Für rot fermentierten Reis wurde nun eine Studie unternommen in der dessen Wirkung mit der von Statinen verglichen wurde. Statine haben gewonnen. Das lag auch daran, dass der Wirkstoffgehalt im rot verschimmelten Reis stark schwankte. Man wüsste also nicht, wieviel Reis man zu sich nehmen müsste, um die erwünschte Wirkung zu bekommen. Da man einen erhöhten Cholesterinspiegel nicht spürt, gibt es, abgesehen von Laborkontrollen, keine Möglichkeit, die Wirkung zu überprüfen. Auch die Menge von Citrinin im Reis dürfte schwanken. Citrinin ist ein Gift – entschuldigung – eine natürlich vorkommende Substanz, welches von dem Pilz produziert wird, der den Reis zum rot fermentierten Reis macht. Citrinin gilt als krebserregend, vielleicht ist das dieses komplexe Zusammenspiel, das alle meinen?

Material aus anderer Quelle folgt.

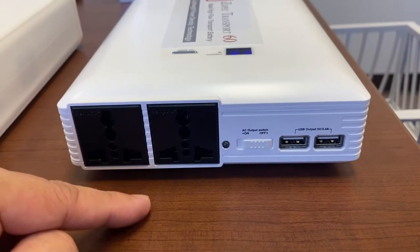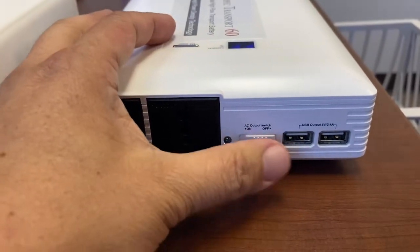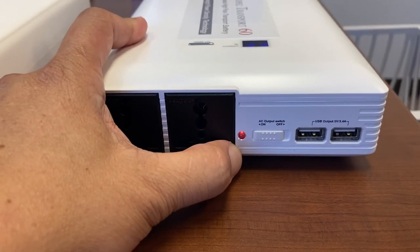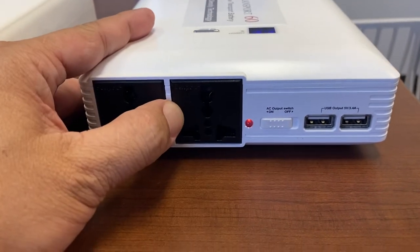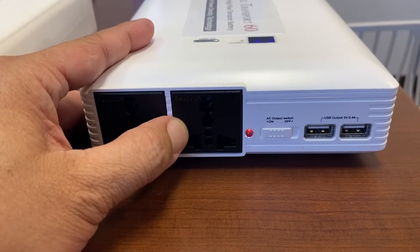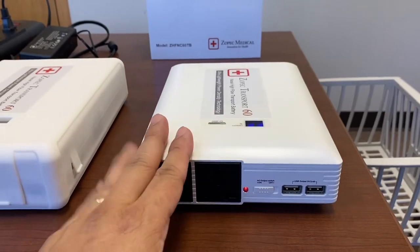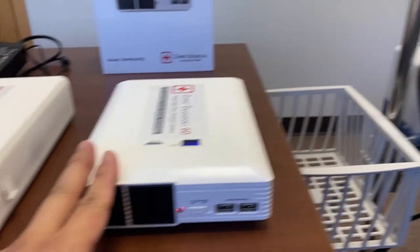To turn on the AC outlets you have to slide the AC outlet switch, and when the red LED is on that means there is power to the AC outlet. You do not need to plug the battery into the wall to start the AirVo2.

Der schwankende Wirkstoffgehalt ist nur eines der Probleme, mit denen Nahrungsergänzungsmittel und alternative Medizinprodukte behaftet sind. Manchmal ist auch nicht klar, ob die behauptete Wirkung überhaupt auftritt, weil es keine Studien gibt. Manchmal sind auch Substanzen in Nahrungsergänzungsmittel oder alternativen Medizinprodukte enthalten, die nicht aufgeführt sind. Manchmal sind die Substanzen nicht enthalten, die aufgeführt sind. Obwohl die Einnahme dieser Produkte teilweise einer Lotterie entspricht, haben sie ein besseres Image als echte Medikamente. Medikamente in denen Substanzen in kontrollierter Menge enthalten sind, deren Wirkung unter kontrollierten Bedingungen überprüft wurden1.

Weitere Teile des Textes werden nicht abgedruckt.